Именно это он хотел тогда вбить в башку упрямому Уэйту. Сколько раз твердил он ему: долг превыше всего. Как старался убедить солдата, что чувство долга — это основа не только, военной службы, но и всей государственной системы, делового мира, бизнеса. В общем, всего общества в целом, включая и личную жизнь человека, его семью и все остальное. Ну виноват ли он в том, что не смог этого добиться? Вряд ли. Учителя ведь тоже не всех выучивают. Вон сколько бестолочи на свете. А «эс-ин» что, семи пядей во лбу, что ли? Никто не скажет, будто он не старался, не сделал все, что в его силах. Он очень старался. Куда уж больше. И лишь тогда, когда окончательно убедился, что сам, видно, никак не справится, обратился за помощью к Магвайру. Так что его винить никак нельзя. Он сделал все, что мог, и не его вина, что так получилось.
26
Никогда еще Уэйт не питал к кому-нибудь такого отвращения, как к этому лейтенанту. Он был противен Уэйту буквально всем. И подчеркнутой безукоризненностью своих манер, и отлично отрепетированными жестами, и этими бесстрастными вопросами, вылетающими один за другим, как пули из автомата. Но всего противнее было напускное и насквозь фальшивое лейтенантское дружелюбие, стремление все время этак свысока похлопать по плечу бедненького новобранца.

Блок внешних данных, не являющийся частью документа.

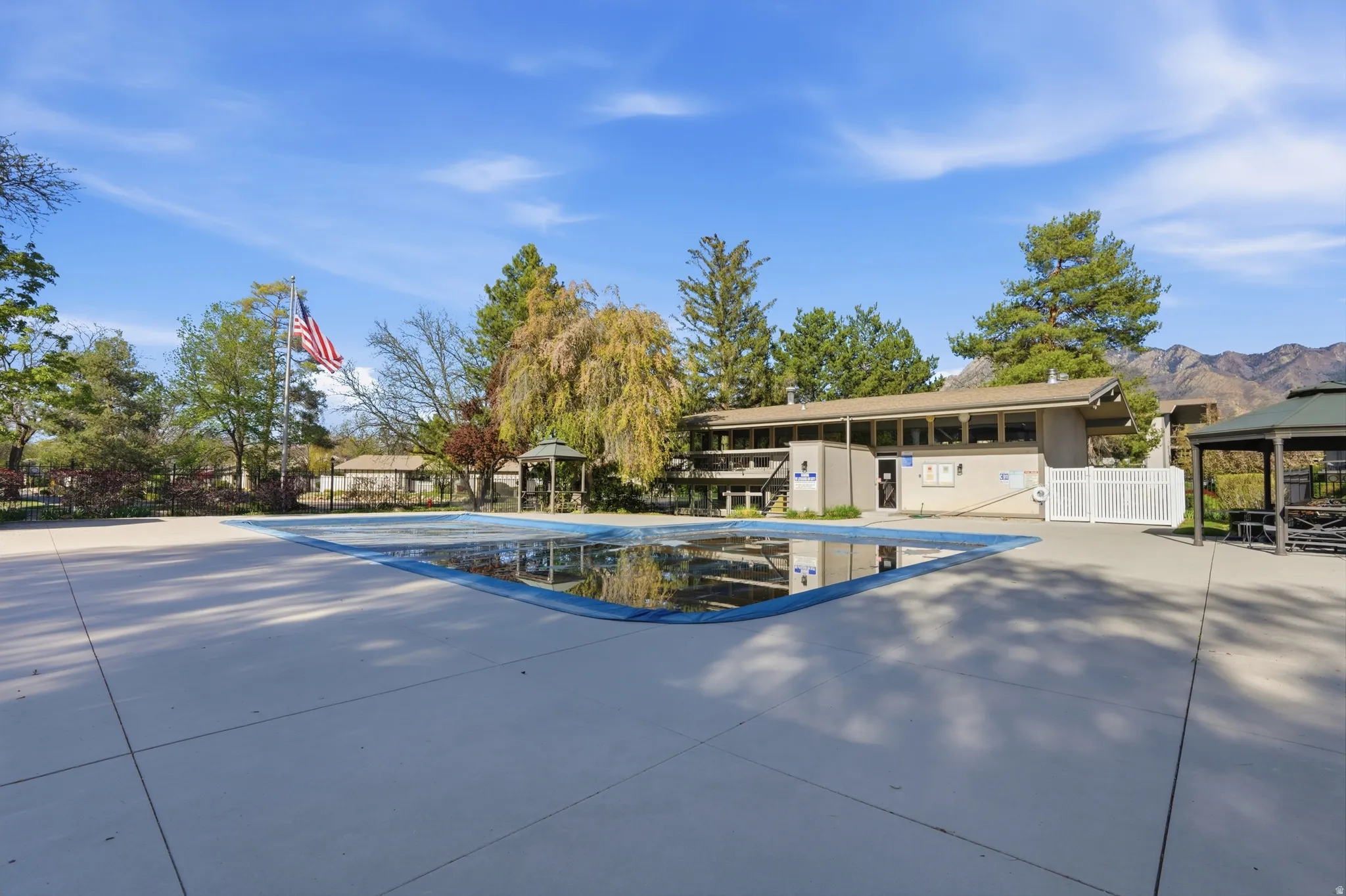 Community pool featuring a gazebo and a mountain view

Уэйт был уверен, что, будь этот лощеный хлыщ не следователем из военной полиции, а взводным сержантом-инструктором, жизнь его подчиненных наверняка была бы сущим адом. Уж этот спесивый барин ни за что не дал бы солдатам пощады, драил и мордовал их с утра до ночи, чтобы все кругом сияло и блестело, не позволял бы не то, что шаг, а и полшага сделать в сторону, жилы вытягивал бы ради уставов, наставлений, инструкций и параграфов. Для таких типов, как этот лейтенант, люди вообще не существуют. Они их просто не видят. Их идеал — отшлифованные до зеркального блеска манекены, вышколенные автоматы. И единственный залог этого — железная дисциплина, жесточайшее и беспощадное подавление любого свободного вздоха, измывательство и хамство.